Step by step, I’m trying to describe the arc of the thought process. It begins with “Going with the Grain,” to “Destruction and Creation,” “Movement and Balance,” to “Innovation and Tradition.” I’m trying to do a different type of step-by-step. The lesson of going with the grain is the process of this knife-whittling, but it’s also a metaphor that carries through without me having to belabor it.
In the “Destruction and Creation” section you make the observation that there’s always a moment when everything is going wrong – when you realize you’ve destroyed a perfectly good branch – before the spoon has appeared. You also observe that “You are a failure only if you quit.” You suggest that in those moments of chaos and doubt, it’s imperative that one continue.
One bit of advice I have for anyone creating is learning to stick with it. As I was telling the guys in the shop the other day, for anything I do creatively, there’s a little voice in my head that says, “You have screwed it up and something is wrong.” In that moment of transformation, you’re aware you’re destroying a branch; but then you realize you’re creating something new. When you recognize the spoon, it’s a magic moment. Many people get very frustrated and stop when it’s still a stick, which is on the wrong side of the scale.
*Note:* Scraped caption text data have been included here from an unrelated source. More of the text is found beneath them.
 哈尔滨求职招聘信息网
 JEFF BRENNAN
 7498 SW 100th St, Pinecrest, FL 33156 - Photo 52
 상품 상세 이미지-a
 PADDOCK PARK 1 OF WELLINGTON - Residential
Your last chapter is titled “Innovation and Tradition.” How are the two connected when it comes to craft?
I’m not a purist; a lot of folks get really stuck on hand tools. For almost everything we do, we are using some kind of tool. It’s how we employ these and to what end we employ them that’s more of the question.
You read this online, that spoonmaking or carving is a traditional idea that has to be done a certain way. But it’s more about your economy of energy. The Shakers are an awesome example. In retrospect, their lifestyle is viewed as quite spare and romantic, but from their perspective it was progressive. They were creating the machinery to create a table saw to make cutting shingles for the roof more efficient. The washing machine is a Shaker invention because they were doing a colossal amount of laundry. You can think backwards to how wonderful all these handcrafted wood implements of the Shakers are, but they had a totally different idea of that.
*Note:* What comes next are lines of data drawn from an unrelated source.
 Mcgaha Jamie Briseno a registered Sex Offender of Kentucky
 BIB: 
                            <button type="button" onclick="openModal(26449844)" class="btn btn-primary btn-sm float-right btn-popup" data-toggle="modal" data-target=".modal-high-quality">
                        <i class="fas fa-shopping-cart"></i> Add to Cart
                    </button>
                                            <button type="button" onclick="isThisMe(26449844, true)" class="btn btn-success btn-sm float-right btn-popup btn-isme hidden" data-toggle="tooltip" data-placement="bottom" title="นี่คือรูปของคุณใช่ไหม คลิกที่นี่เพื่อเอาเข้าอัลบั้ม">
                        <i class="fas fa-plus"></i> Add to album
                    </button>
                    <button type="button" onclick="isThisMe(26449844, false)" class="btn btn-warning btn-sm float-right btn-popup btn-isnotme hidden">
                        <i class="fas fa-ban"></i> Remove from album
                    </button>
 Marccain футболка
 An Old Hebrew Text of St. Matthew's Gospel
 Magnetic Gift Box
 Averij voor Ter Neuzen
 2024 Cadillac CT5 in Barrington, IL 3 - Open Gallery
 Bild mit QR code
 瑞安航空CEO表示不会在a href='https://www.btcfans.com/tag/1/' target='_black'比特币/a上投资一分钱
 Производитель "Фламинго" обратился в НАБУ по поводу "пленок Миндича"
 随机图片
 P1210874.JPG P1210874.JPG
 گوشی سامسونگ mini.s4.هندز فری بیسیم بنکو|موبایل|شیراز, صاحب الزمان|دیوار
I’m a person who seeks balance in everything, which isn’t to say it’s got to be square; if it’s going to be an oblong, then you need something at the end that supports the weight.
Was the book difficult to write?
Initially it was like pulling teeth, because writing is such a different creative process for me. I started writing the book in longhand. The editor helped me with the Table of Contents, which was the outline. That helped organize the disparate thoughts. I planned to dictate to Kelly and she was going to type it, but I ended up learning word processing and typed it on a computer. My brain is nonlinear, so being able to cut and paste on the computer helped a ton.
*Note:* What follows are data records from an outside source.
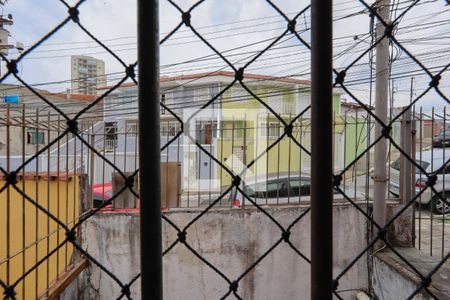 Casa à venda com 1m², 4 quartos e sem vaga Casa à venda com 1m², 4 quartos e sem vagaCasa 2 - Vista do Quarto 1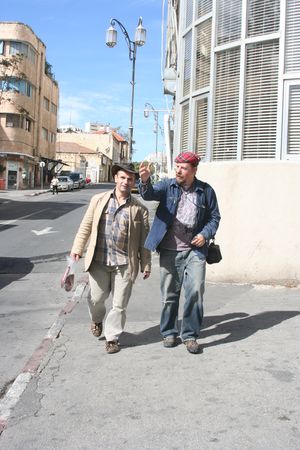 img_7273.jpg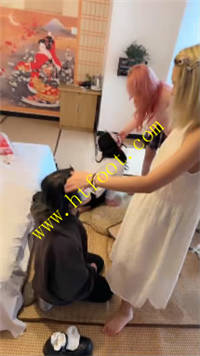 kcdbhoyerwk.jpg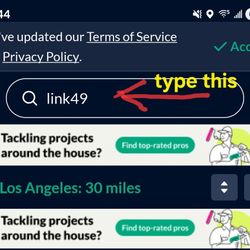 Nfl /mlb/NBA/mls Magnets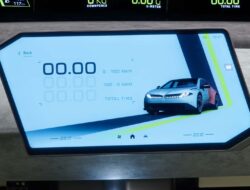 Produsen Mobil Menolak Integrasi Apple CarPlay Ultra: Mengapa?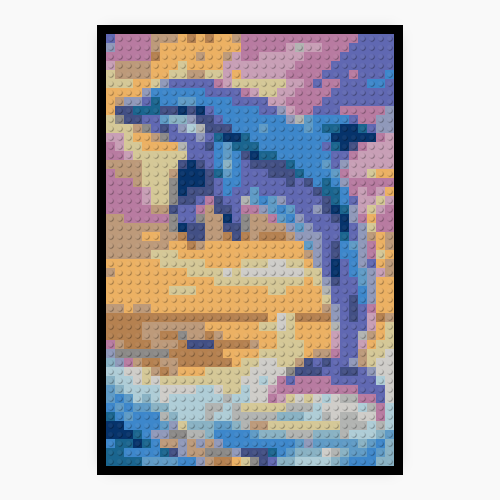 #Size_2x3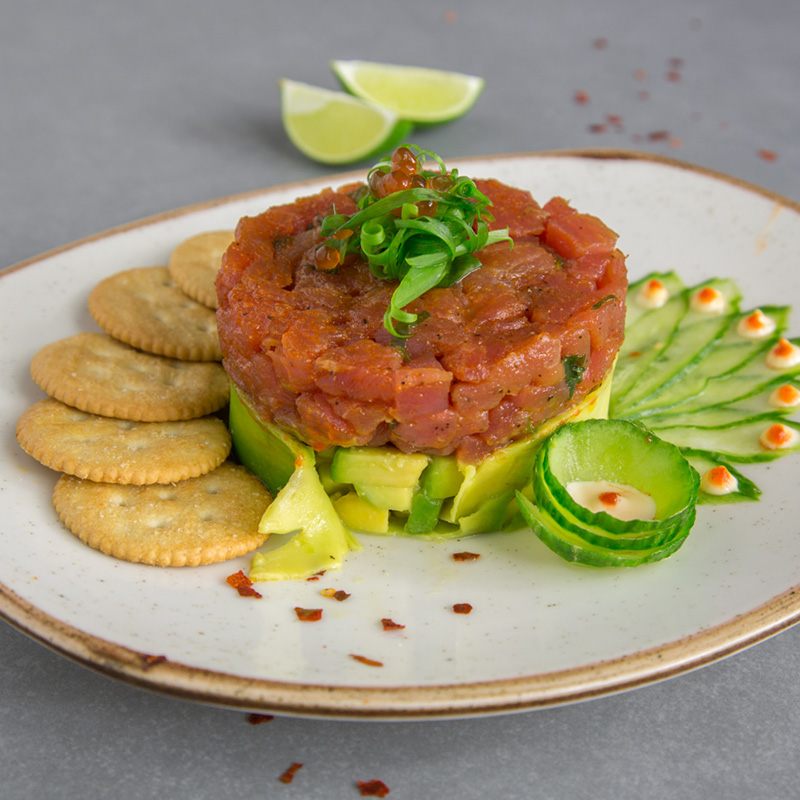 Tartar_Atun_Aroma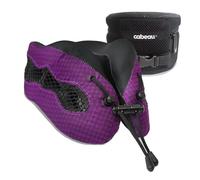 Reposacabezas refrigerante Cabeau Evolution Cool Color: violeta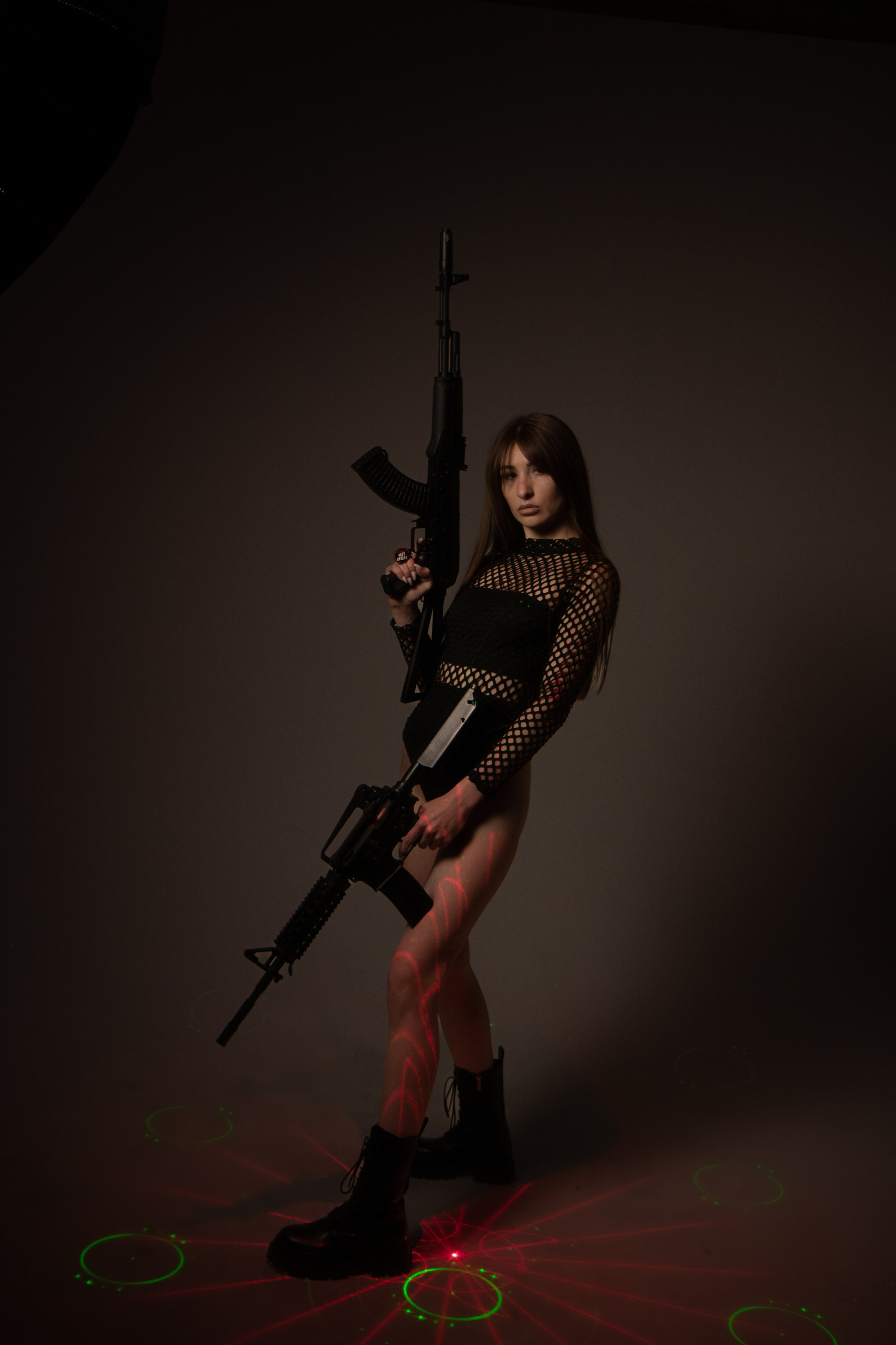 Анастасия. Главная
I wrote everything inside of six months. The pictures were done first, so I could write to the image.
So are you thinking about another book?
Three-fourths of the way through writing this, I went from never wanting to do this again to having all these great ideas for books. We went to a book-signing in San Francisco last month and finally met the Chronicle people for the first time. I suggested another idea, which I’m keeping on the back burner. There was a chapter of this book that got cut that was devoted to truisms, and it seems like they cut it because they might want me to develop that into another book.
Do you worry about revealing your trade secrets in your detailed descriptions of three ways to make a wooden spoon?
People say, “Why share all your secrets?” But I don’t own them. You can give the same recipe to two different cooks and get two different dishes. Why be so protective? It’s just spoons; I’m not divulging any secrets about our business.
Was it hard spending time out of the shop on the book?
It was a fun project. It got me out of the shop in a way I would not have done previously. In retrospect, it was a totally healthy challenge for someone who likes to be buried in dust most of the time. It was good to be out talking about ideas, and having discussions with people out of the shop publicly was really enriching for me.